Extensions are no longer needed to request a proper distribution and ordering.
Support for coalescing too small files with AQE (handling skew coming in a separate PR).
A new function catalog that can be used without a metastore.

aokolnychyi · 2023-04-27T15:05:26Z

...tensions/src/main/scala/org/apache/spark/sql/execution/datasources/v2/ExtendedV2Writes.scala

-      }
-      val newQuery = ExtendedDistributionAndOrderingUtils.prepareQuery(write, query, conf)
-      o.copy(write = Some(write), query = newQuery)
-
    case rd @ ReplaceIcebergData(r: DataSourceV2Relation, query, _, None) =>


We have to keep plans for row-level operations for now as Spark plans don't support runtime filtering for UPDATE and MERGE. It will be part of Spark 3.5.

aokolnychyi · 2023-04-27T15:06:12Z

...ensions/src/test/java/org/apache/iceberg/spark/extensions/TestRewriteDataFilesProcedure.java

+  @BeforeClass
+  public static void setupSpark() {
+    // disable AQE as tests assume that writes generate a particular number of files
+    spark.conf().set(SQLConf.ADAPTIVE_EXECUTION_ENABLED().key(), "false");


After this PR, AQE coalesces small tasks. Hence, I had to disable it.

aokolnychyi · 2023-04-27T15:07:12Z

spark/v3.4/spark/src/main/java/org/apache/iceberg/spark/SortOrderToSpark.java

@@ -53,7 +53,7 @@ public SortOrder truncate(
      String sourceName, int id, int width, SortDirection direction, NullOrder nullOrder) {
    return Expressions.sort(
        Expressions.apply(
-            "truncate", Expressions.column(quotedName(id)), Expressions.literal(width)),
+            "truncate", Expressions.literal(width), Expressions.column(quotedName(id))),


Had to switch it around so that truncate is resolvable. Spark did not support transforms with multiple arguments before.

aokolnychyi · 2023-04-27T15:08:08Z

spark/v3.4/spark/src/main/java/org/apache/iceberg/spark/SparkFunctionCatalog.java

+/**
+ * A function catalog that can be used to resolve Iceberg functions without a metastore connection.
+ */
+public class SparkFunctionCatalog implements SupportsFunctions {


This class is used directly in the compaction code but can be also configured as a proper catalog.

aokolnychyi · 2023-04-27T15:08:33Z

spark/v3.4/spark/src/main/java/org/apache/iceberg/spark/SupportsFunctions.java

+    return namespace.length == 0;
+  }
+
+  default Identifier[] listFunctions(String[] namespace) throws NoSuchNamespaceException {


Copied from BaseCatalog to reuse in different places.

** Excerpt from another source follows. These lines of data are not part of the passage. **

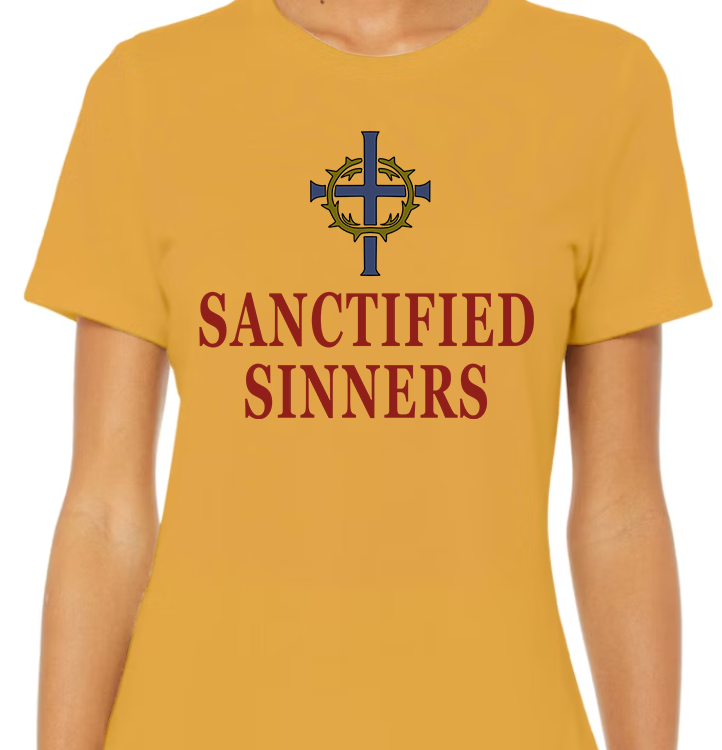 Sanctified Sinners Logo White Women's Front Graphic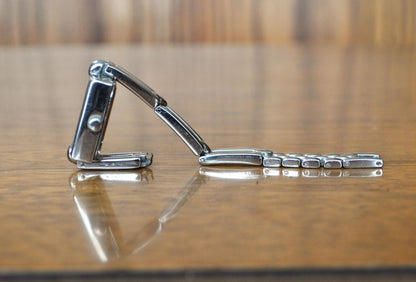 Antique Silver Tone Dial Rectangle Case Link Bracelet Band Watch - Vintage Rectangle Case Link Bracelet - Not Working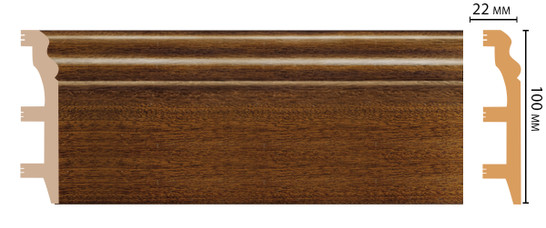 Плинтус напольный D232-75 ДМ Decomaster (100х22х2400 мм) 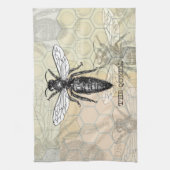 Queen Bee Bug Insect Antiek Illustratie Theedoek (Verticaal)
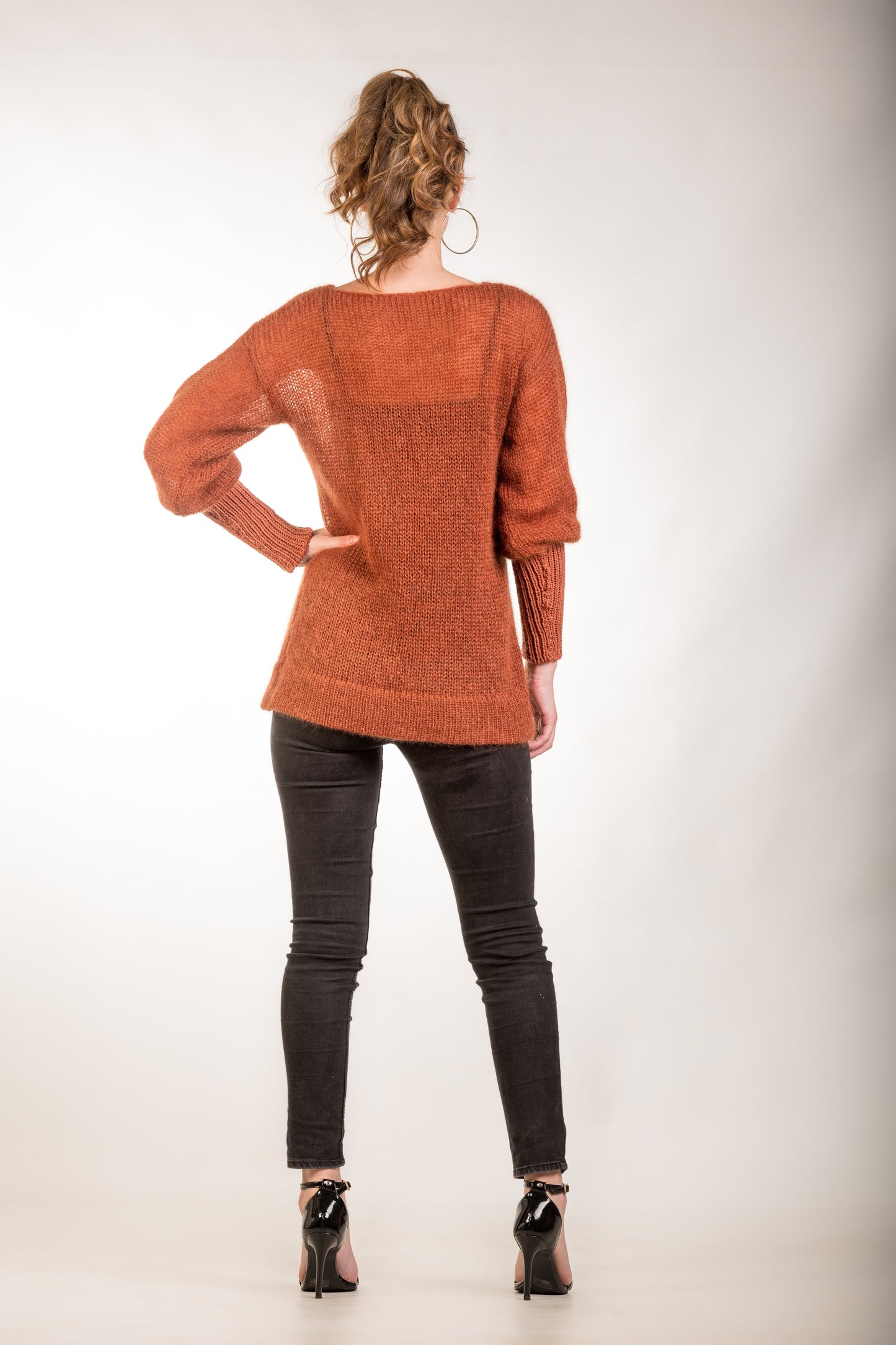 Rust Mohair jumper with long cuffs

aokolnychyi · 2023-04-27T15:09:21Z

spark/v3.4/spark/src/main/java/org/apache/iceberg/spark/actions/SparkShufflingDataRewriter.java

+
+    @Override
+    public int requiredNumPartitions() {
+      return numShufflePartitions;


This is used to request a particular number of partitions instead of setting a SQL conf.

aokolnychyi · 2023-04-27T15:11:00Z

cc @nastra @amogh-jahagirdar @jackye1995 @szehon-ho @flyrain @RussellSpitzer @singhpk234

RussellSpitzer · 2023-04-27T19:06:22Z

spark/v3.4/spark/src/main/java/org/apache/iceberg/spark/SparkFunctionCatalog.java

@@ -16,23 +16,30 @@
 * specific language governing permissions and limitations
 * under the License.
 */
+package org.apache.iceberg.spark;



I wonder a little about the naming here, I know i'm always confused about SparkCatalog (our class) versus the Spark Catalog class. IcebergFunctionCatalog? I don't feel strongly about this though.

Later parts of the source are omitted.